▶ **Problem statement**
Transcribe all of the entries, matching each one exactly.

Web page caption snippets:

- Opening Delimiter -

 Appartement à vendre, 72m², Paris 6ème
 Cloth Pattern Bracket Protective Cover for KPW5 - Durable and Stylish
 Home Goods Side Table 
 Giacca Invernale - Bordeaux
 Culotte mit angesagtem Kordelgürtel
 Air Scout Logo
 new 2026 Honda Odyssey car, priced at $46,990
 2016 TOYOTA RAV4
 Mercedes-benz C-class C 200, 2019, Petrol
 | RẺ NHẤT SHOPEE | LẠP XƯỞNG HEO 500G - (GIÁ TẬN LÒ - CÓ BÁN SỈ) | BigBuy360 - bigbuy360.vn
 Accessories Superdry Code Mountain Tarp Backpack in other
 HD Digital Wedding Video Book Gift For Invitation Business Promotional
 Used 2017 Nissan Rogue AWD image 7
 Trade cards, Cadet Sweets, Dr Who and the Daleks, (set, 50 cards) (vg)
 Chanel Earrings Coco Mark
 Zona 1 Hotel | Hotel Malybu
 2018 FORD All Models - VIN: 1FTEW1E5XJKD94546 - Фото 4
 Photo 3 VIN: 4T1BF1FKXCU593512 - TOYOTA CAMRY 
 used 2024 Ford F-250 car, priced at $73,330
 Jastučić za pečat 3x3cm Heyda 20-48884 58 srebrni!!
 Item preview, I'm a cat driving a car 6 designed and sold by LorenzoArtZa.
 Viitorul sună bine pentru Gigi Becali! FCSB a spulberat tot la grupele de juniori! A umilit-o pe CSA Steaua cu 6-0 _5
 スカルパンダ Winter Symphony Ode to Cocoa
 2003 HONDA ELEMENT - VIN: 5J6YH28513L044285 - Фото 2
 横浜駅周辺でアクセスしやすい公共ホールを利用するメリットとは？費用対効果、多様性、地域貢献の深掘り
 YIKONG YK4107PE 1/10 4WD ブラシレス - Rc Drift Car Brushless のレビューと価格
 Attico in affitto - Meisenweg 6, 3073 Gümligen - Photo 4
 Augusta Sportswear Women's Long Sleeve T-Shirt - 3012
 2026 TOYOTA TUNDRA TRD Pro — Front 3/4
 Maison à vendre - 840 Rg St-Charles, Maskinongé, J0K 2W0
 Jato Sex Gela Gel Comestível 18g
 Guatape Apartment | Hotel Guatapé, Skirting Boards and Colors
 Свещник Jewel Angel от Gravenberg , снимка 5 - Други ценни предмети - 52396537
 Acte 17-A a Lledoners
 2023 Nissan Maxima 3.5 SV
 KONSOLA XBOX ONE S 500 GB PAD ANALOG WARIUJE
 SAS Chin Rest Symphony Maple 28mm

- Closing Delimiter -

▶ **Finished exercise**
 Appartement à vendre, 72m², Paris 6ème
 Cloth Pattern Bracket Protective Cover for KPW5 - Durable and Stylish
 Home Goods Side Table 
 Giacca Invernale - Bordeaux
 Culotte mit angesagtem Kordelgürtel
 Air Scout Logo
 new 2026 Honda Odyssey car, priced at $46,990
 2016 TOYOTA RAV4
 Mercedes-benz C-class C 200, 2019, Petrol
 | RẺ NHẤT SHOPEE | LẠP XƯỞNG HEO 500G - (GIÁ TẬN LÒ - CÓ BÁN SỈ) | BigBuy360 - bigbuy360.vn
 Accessories Superdry Code Mountain Tarp Backpack in other
 HD Digital Wedding Video Book Gift For Invitation Business Promotional
 Used 2017 Nissan Rogue AWD image 7
 Trade cards, Cadet Sweets, Dr Who and the Daleks, (set, 50 cards) (vg)
 Chanel Earrings Coco Mark
 Zona 1 Hotel | Hotel Malybu
 2018 FORD All Models - VIN: 1FTEW1E5XJKD94546 - Фото 4
 Photo 3 VIN: 4T1BF1FKXCU593512 - TOYOTA CAMRY 
 used 2024 Ford F-250 car, priced at $73,330
 Jastučić za pečat 3x3cm Heyda 20-48884 58 srebrni!!
 Item preview, I'm a cat driving a car 6 designed and sold by LorenzoArtZa.
 Viitorul sună bine pentru Gigi Becali! FCSB a spulberat tot la grupele de juniori! A umilit-o pe CSA Steaua cu 6-0 _5
 スカルパンダ Winter Symphony Ode to Cocoa
 2003 HONDA ELEMENT - VIN: 5J6YH28513L044285 - Фото 2
 横浜駅周辺でアクセスしやすい公共ホールを利用するメリットとは？費用対効果、多様性、地域貢献の深掘り
 YIKONG YK4107PE 1/10 4WD ブラシレス - Rc Drift Car Brushless のレビューと価格
 Attico in affitto - Meisenweg 6, 3073 Gümligen - Photo 4
 Augusta Sportswear Women's Long Sleeve T-Shirt - 3012
 2026 TOYOTA TUNDRA TRD Pro — Front 3/4
 Maison à vendre - 840 Rg St-Charles, Maskinongé, J0K 2W0
 Jato Sex Gela Gel Comestível 18g
 Guatape Apartment | Hotel Guatapé, Skirting Boards and Colors
 Свещник Jewel Angel от Gravenberg , снимка 5 - Други ценни предмети - 52396537
 Acte 17-A a Lledoners
 2023 Nissan Maxima 3.5 SV
 KONSOLA XBOX ONE S 500 GB PAD ANALOG WARIUJE
 SAS Chin Rest Symphony Maple 28mm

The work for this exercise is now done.